Frieze New York 2019

This year’s fair demonstrated a more open-ended approach than usual, exhibiting and promoting diverse art-making practices. By devoting attention to new trends, as well as to forgotten and little-known artists, the organisers created a well-balanced and engaging display

Olivia Erlanger, installation at And Now, Frieze New York 2019. Photograph courtesy Frieze.

Randall’s Island Park, New York
2-5 May 2019

by NATASHA KURCHANOVA

This year’s Frieze had a pronounced tendency to please the market rather than to rock it. With more than 200 participating galleries, established dealers showed recognised artists who are already well known or are making names for themselves with exhibitions at major New York museums. Among the former were the Gagosian Gallery, exhibiting John Chamberlain’s (1927-2011) iconic sculptures made of mangled metal and Steven Parrino’s (1958-2005) manipulated paintings that match Chamberlain’s forceful handling of industrial materials.



David Zwirner booth at Frieze New York 2019. Courtesy David Zwirner.

David Zwirner chose to show Christopher Williams (b1956), who has become a household name in recent years with the skilful development of his own high-gloss finish style of photographic documentation. In addition to Williams, Zwirner also exhibited works by the up-and-coming Belgian artist Harold Ancart (b1980), who has produced gigantic paintings of handball courts with ambiguous objects smack  in the middle, resembling  a  handball on top of a stick. The singularity of his subject matter is counterbalanced by the multiplicity of ways in which this subject is treated: the courts vary greatly in background, brushwork and colour combinations, making the work appear somewhat shabby and careless, indicative of the artist’s indifference about pleasing the eye.



Yayoi Kusama, Narcissus Garden, 1966-. Stainless steel spheres, 34 cm diameter each. At Frieze New York 2019. Photo © Natasha Kurchanova.

It was interesting to juxtapose Ancart’s painting, which brags about its apparent casualness and self-deprecating qualities, with a classic work from the 1960s by Yayoi Kusama (b1929), whose Narcissus Garden (1966-) carries a diametrically opposing message. The work covered the entire floor of the installation with perfectly round spheres made of polished steel, a bit larger than a foot in diameter. The polished surface of the spheres allowed the visitor to see her own reflection, connecting to the viewer on a closely personal level.

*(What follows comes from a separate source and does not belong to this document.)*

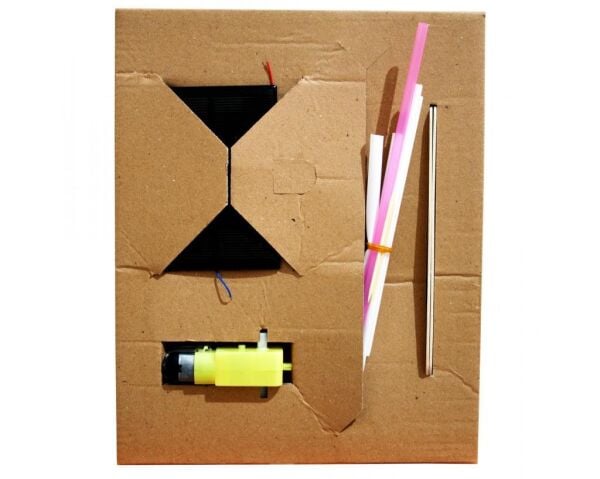 Güneş Enerjili Basit Robot Yapım Seti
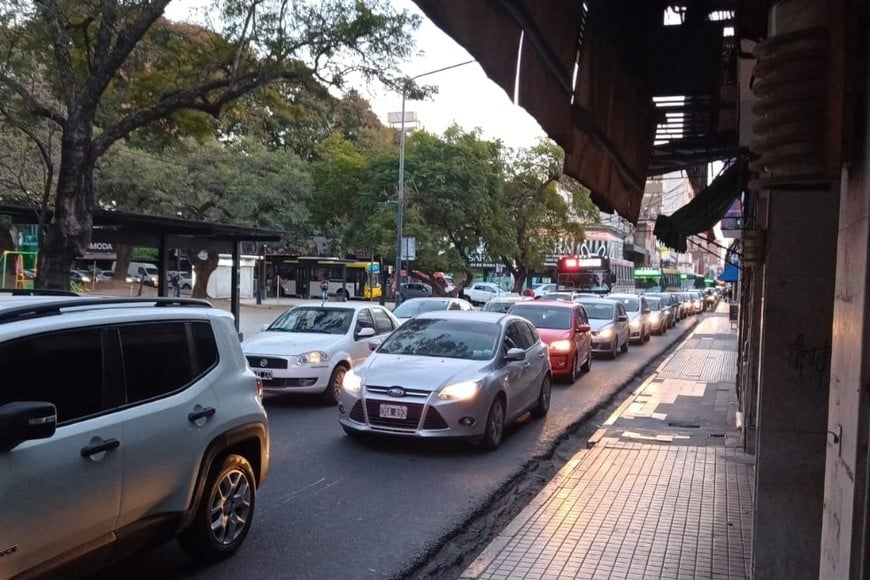 Importantes complicaciones en el tránsito. Crédito: El Litoral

Pictographic Muslin, Sioux Northern Plains c1890. Ink and coloured ink on muslin, 32 × 82 1/2 in. Courtesy Donald Ellis Gallery.

An escape from self-deprecation on the one hand and narcissism on the other was found in the self-reliant simplicity and dignity of Native American art, on display at Donald Ellis Gallery. Here, there were mostly decorative paintings, drawings and artefacts depicting warriors on horses, members of the Indian community and traditional ornamental patterns. They were made by the American Indians in the second half of the 19th and the first half of the 20th century, following their conquest by the US army.

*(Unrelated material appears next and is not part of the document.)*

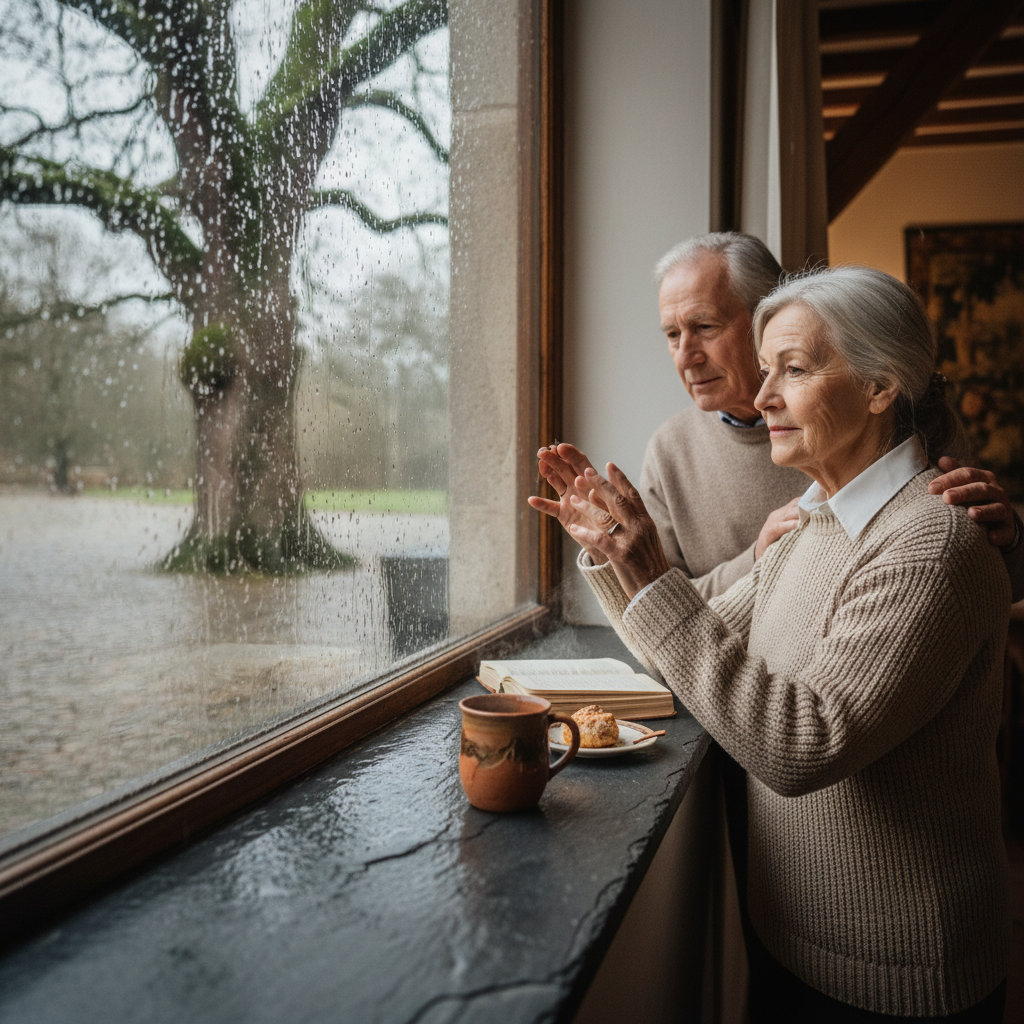 Slate Sills and Hand-Blown Window Panes: Watching Rain in 200-Year-Old Rooms — visual companion 2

Several curated sections were a draw at this year’s Frieze. Foremost among them was a tribute section devoted to the activity of Linda Goode Bryant (b1949), a film-maker and the founder of Just Above Midtown (known as JAM), the first not-for-profit gallery in New York dedicated to showing work by artists of colour.



Linda Goode Bryant and Karen Jenkins Johnson. Photograph courtesy Frieze.

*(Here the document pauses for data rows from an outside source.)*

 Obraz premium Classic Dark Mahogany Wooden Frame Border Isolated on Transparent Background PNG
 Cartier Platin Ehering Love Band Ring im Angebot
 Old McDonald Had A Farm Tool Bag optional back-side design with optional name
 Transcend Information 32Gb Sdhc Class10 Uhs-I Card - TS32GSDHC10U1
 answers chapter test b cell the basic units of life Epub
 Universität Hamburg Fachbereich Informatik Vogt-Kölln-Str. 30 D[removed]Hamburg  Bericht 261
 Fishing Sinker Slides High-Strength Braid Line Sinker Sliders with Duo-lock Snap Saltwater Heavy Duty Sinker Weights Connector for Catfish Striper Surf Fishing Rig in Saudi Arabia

During its 12-year run from 1974 to 1986, the gallery launched the careers of several artists, among them David Hammons, Senga Nengudi and Norman Lewis. At the fair, Goode Bryant was promoting her most recent initiative, Project Eats, a not-for-profit venture that transforms small plots of land into larger farms that employ community members and supply food to low-income New York neighbourhoods. At the fair, Goode Bryant was at a table covered with seedlings, distributing information about Eats. Her easy accessibility and lack of interest in selling things set her apart from the rest of the fair and highlighted her socially conscious practice.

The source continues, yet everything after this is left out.